- Required action
Only one span of the material below is wanted. Output it exactly, from the line with "Kalpa Gompa" through the line with "Hrithik Roshan's debut", without any pictures.
[Records provided — start]
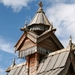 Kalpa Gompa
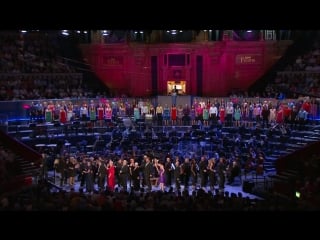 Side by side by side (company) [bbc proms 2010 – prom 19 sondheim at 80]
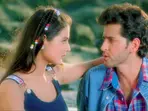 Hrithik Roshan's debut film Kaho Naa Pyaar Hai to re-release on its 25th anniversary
[Records provided — finish]
[Records provided — start]
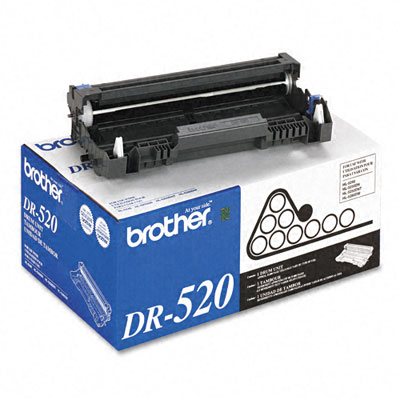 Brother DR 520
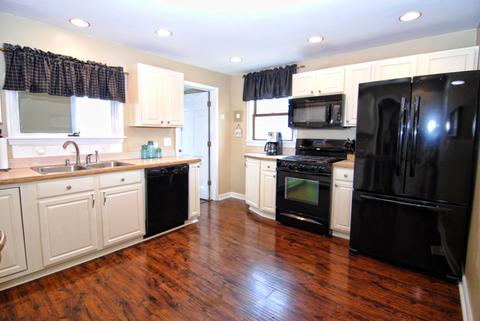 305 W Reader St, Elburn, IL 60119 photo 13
[Records provided — finish]
[Records provided — start]
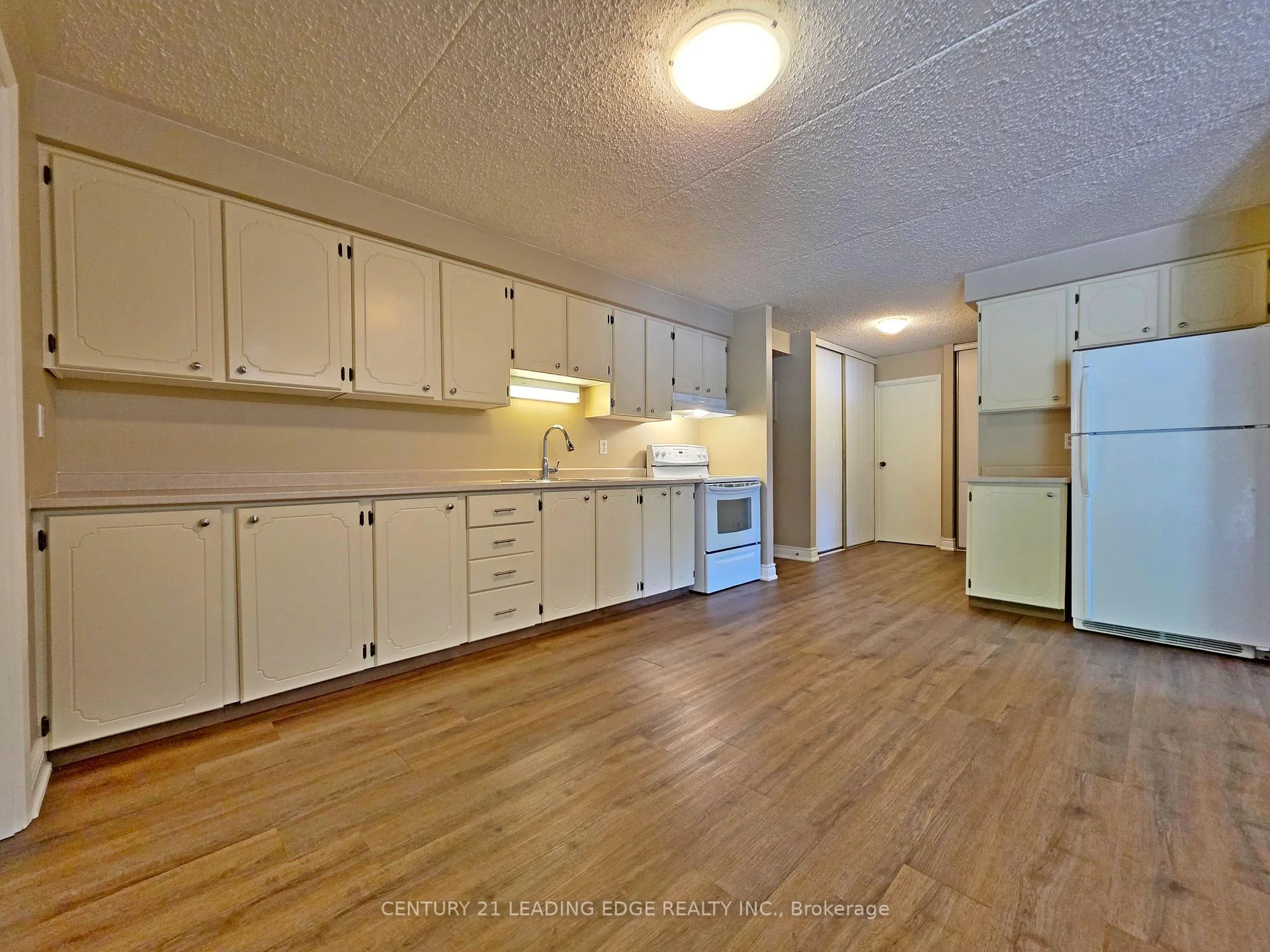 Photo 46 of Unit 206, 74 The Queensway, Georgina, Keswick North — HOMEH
[Records provided — finish]
- Response box
 Kalpa Gompa
 Side by side by side (company) [bbc proms 2010 – prom 19 sondheim at 80]
 Hrithik Roshan's debut film Kaho Naa Pyaar Hai to re-release on its 25th anniversary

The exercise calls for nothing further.